Not needing normal vectors anymore, but since you generally only have 6 directions, I used a table in the shader and 3bits per vertex for the index.

you need to try with 128x128 chunks since the world is so small in height to make up for its shortness

Well, I know some prefer width over length, but since I want to avoid the topic of creating decent random terrain I'm sticking with the Minecraft levels for now. While chunks are on the slim side, it at least makes frustum culling a little more fine grained (at least in x,z, since I don't subdivide them vertically). Also, 128x128 chunks would mean 2 more bytes for special geometry blocks, easily resulting in needing 20 instead of 15mb... the horror (especially since every card supporting texture arrays will most likely have 1gb and more anyway... I just love optimizing at the wrong end of things).

well, now you know what im dealing with...
i cant use texture arrays at all, because they arent big enough, but i have been thinking about dividing textures into ranges, ie. solids, alphas, blends and volumetrics (which i have already)
i just havent tried texture arrays yet, there hasnt been any real need for it until today.... i just added normal and specular maps for every texture, and suddenly theres lots of texture calls per frame

How many texture units are you using and how many different 2D textures are there? I guess beyond a certain variety and number you can't really stuff them all into one, but if you have say 1000 textures and each with normal and specular, binding one texture array to one unit would be three calls.

The reason I went with them over "sheets" were simple. Texture coords turn into 1byte + 2bits, no bleeding into other textures from filtering, textures can be tiled (if I ever feel like combining many quads on a surface into one big quad). Unfortunately I didn't realize how "new" that feature was, considering that it's simply a 3d texture with different filtering for one direction.

btw, you said you used bytes for texcoords, but i cant do that : /
there are blocks of varying sizes, and even different models, so id have to use some kind of unpacking in the shaders
but i fear the fps drop

Well, I ended up with two draw calls per chunk, because I have two vertex formats. One for all those basic unit cubes that make up 90% of the stuff and can be compressed like crazy and one for special blocks. To avoid floats I'm sticking to a raster.

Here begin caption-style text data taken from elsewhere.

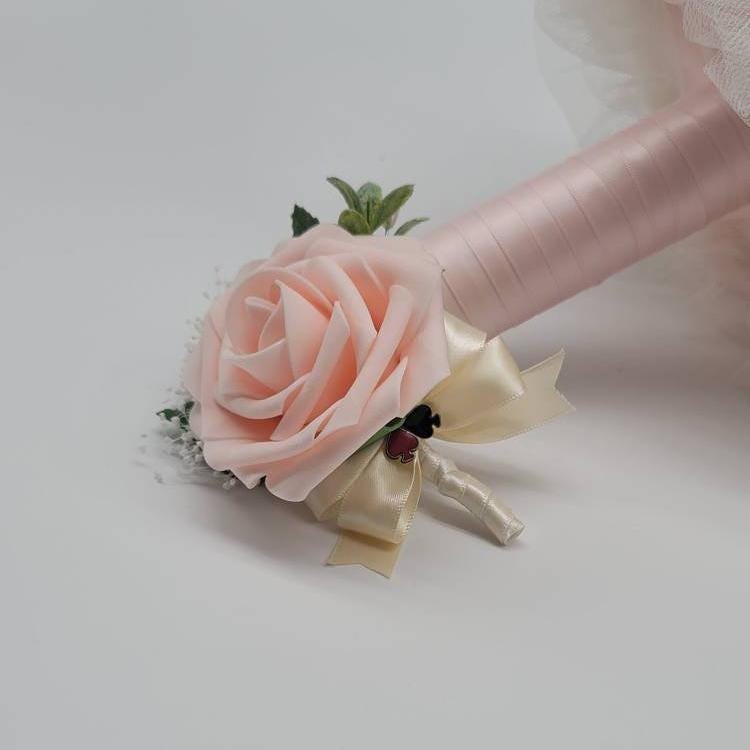 Vegas themed Blush and Ivory Boutonnieres and Corsages with Eucalyptus and card suites. Matching Wedding Bouquets Available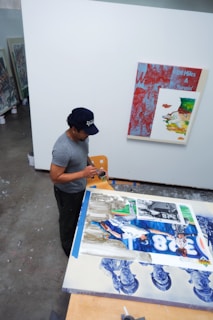 a man is working on a painting in an art studio
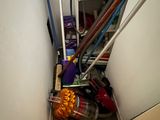 an image of a small room with a vacuum and mop
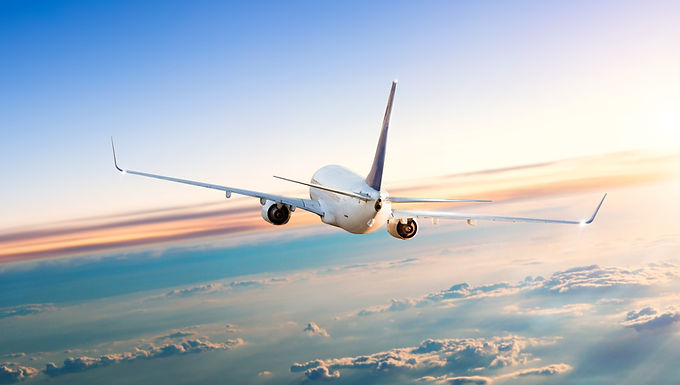 A photograph of a commercial aeroplane in the sky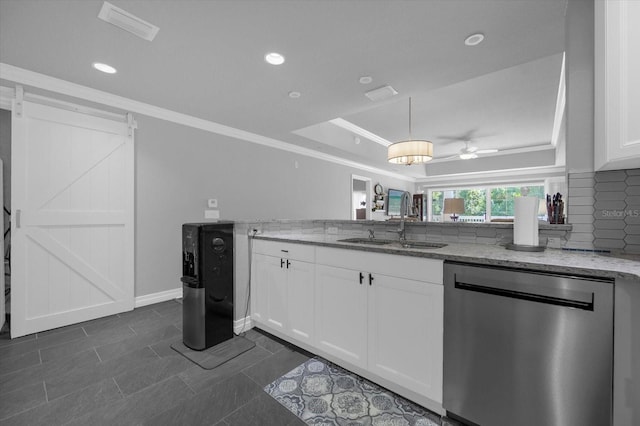 kitchen with light stone counters, backsplash, white cabinetry, dishwasher, and a barn door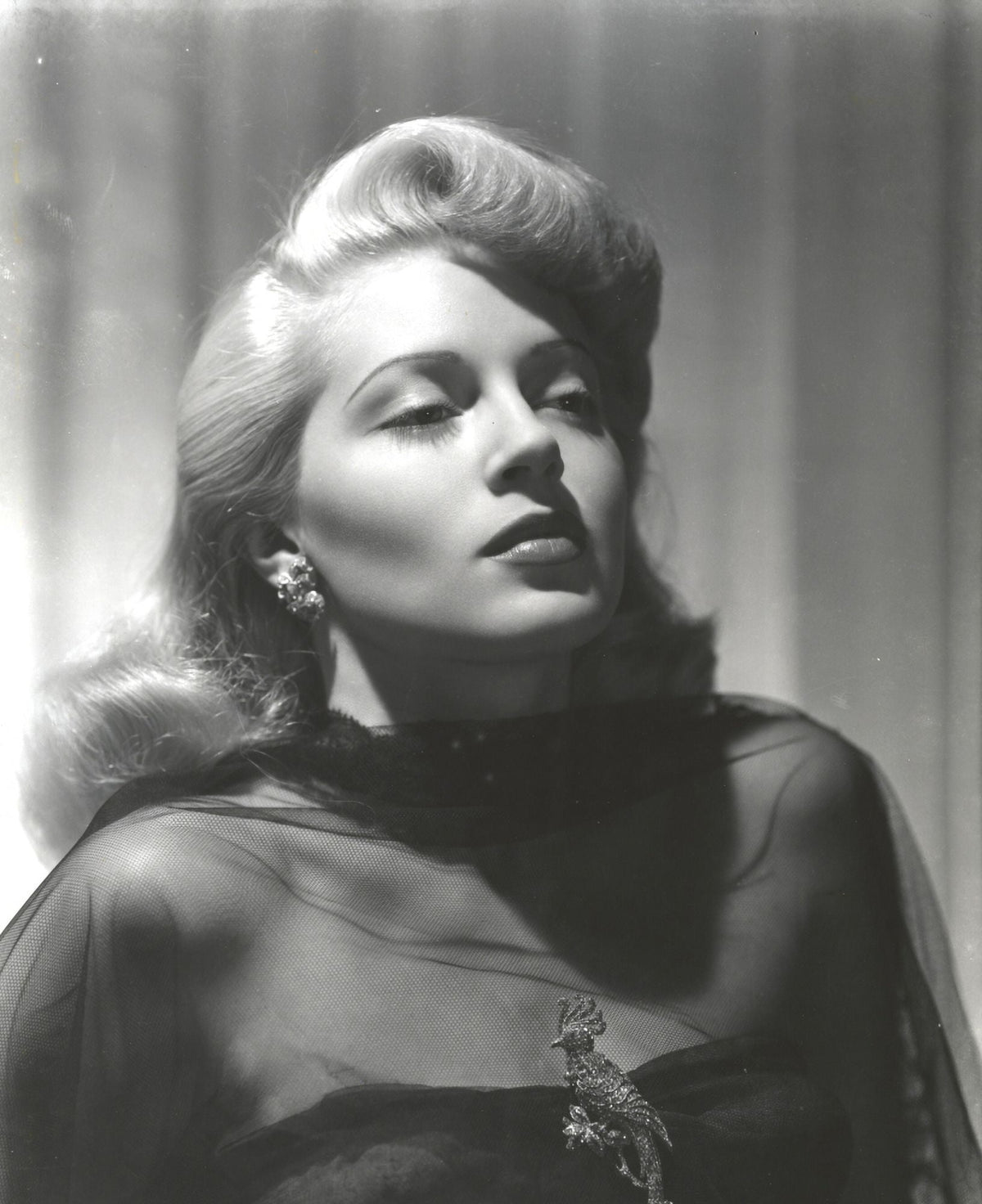 Close-up portrait of Lana Turner with closed eyes, photo print.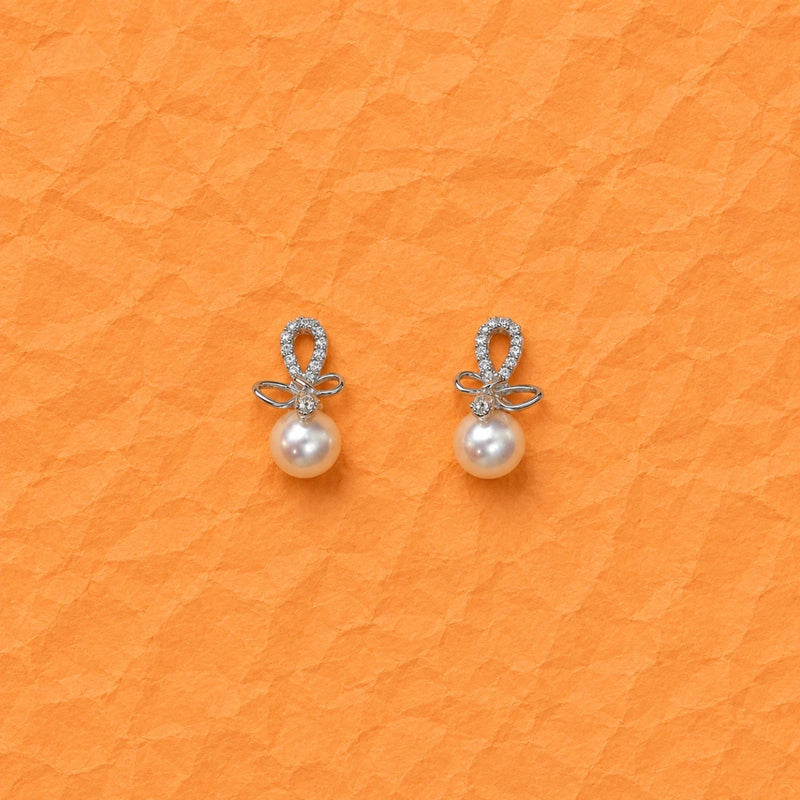 Silver drop stud earrings with a bow zirconia frame and white pearl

When I starting stuffing single bits into the data I expected something around 0.0000001fps like a few years back when I tried using anything but 4byte aligned floats. Surprisingly the speed went up, since apparently my shaders are still trivial enough that transfer speed is/was more of a bottleneck (despite data bein in video memory.. hopefully). Also, the fragment shader will probably take longer than the vertex shader anyway (though that's not as big an issue with cards having "unified shaders" and just assigning them accordingly).

You can also compromise. If you know you will never need more than 256 sets of texture coordinates, you can use a single byte as index into a table (uniform vec2 texCoords[256]) and have the third coordinate another byte (or short if you have more different textures). Of course, if your block size isn't limited and not incremented in unit steps the headache might not be worth it.

I actually plan to use the same table approach for texture animation. Each entry stores the number of frames (1 for most blocks) and the animation speed. A global uniform time variable, all frames stored consecutively in the texture array and animating water or fire is a matter of texcoord.z += (time/timePerFrame)%numberOfFrames; Should be very little overhead per vertex, requires no additional vertexdata (the original texture z can be used as offset into the table) and hopefully works as intended.